╭──

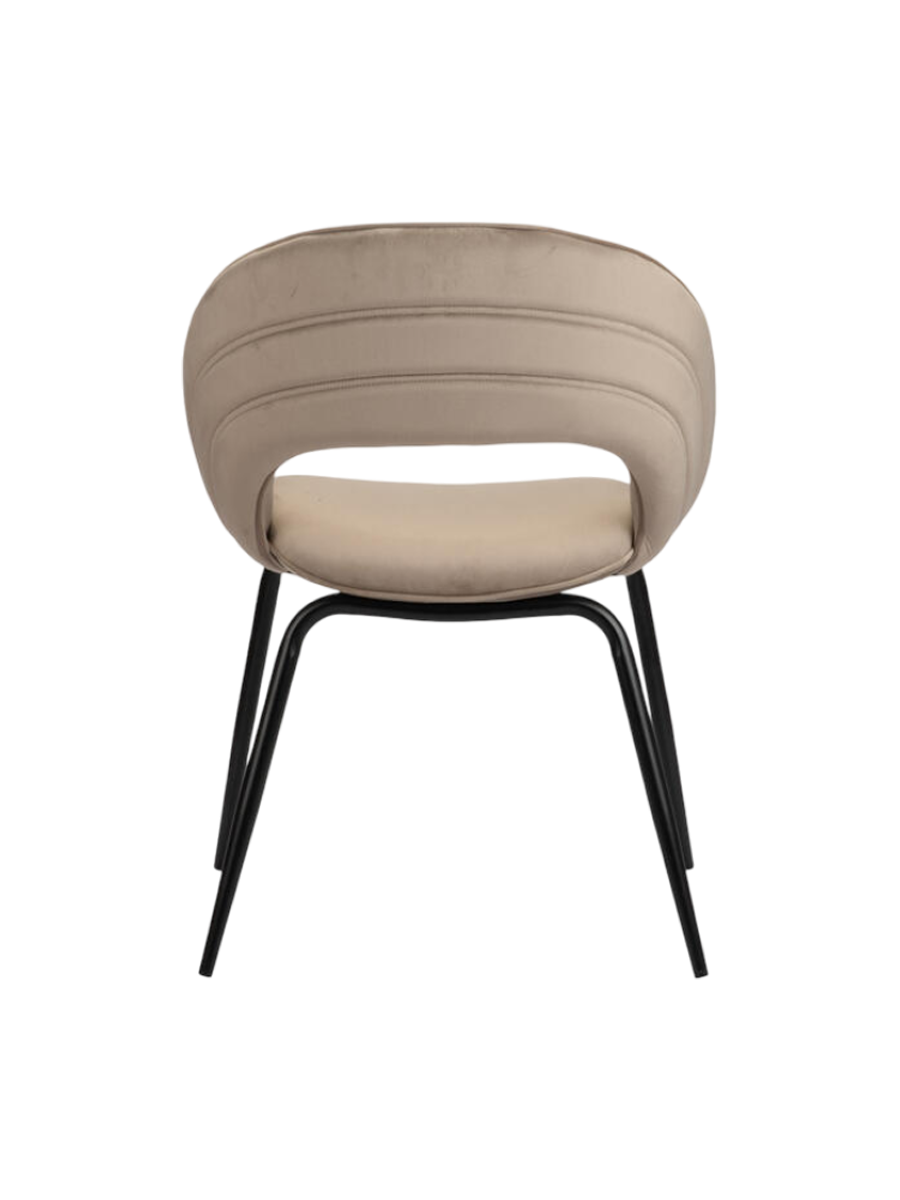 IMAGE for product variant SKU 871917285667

╰──
╭──

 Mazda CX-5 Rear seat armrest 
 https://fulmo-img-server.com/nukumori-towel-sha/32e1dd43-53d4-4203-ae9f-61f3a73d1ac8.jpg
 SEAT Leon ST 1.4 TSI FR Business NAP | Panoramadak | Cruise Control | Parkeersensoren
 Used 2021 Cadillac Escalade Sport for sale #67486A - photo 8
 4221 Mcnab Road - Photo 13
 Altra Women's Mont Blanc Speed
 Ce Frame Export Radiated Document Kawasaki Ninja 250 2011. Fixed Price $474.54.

╰──

Directions for this task> Give back exactly the lines above starting at the line where "Used 2021 Cadillac" appears and ending at the line where "Ce Frame Export" appears, both included, with no other lines.

Written reply>
 Used 2021 Cadillac Escalade Sport for sale #67486A - photo 8
 4221 Mcnab Road - Photo 13
 Altra Women's Mont Blanc Speed
 Ce Frame Export Radiated Document Kawasaki Ninja 250 2011. Fixed Price $474.54.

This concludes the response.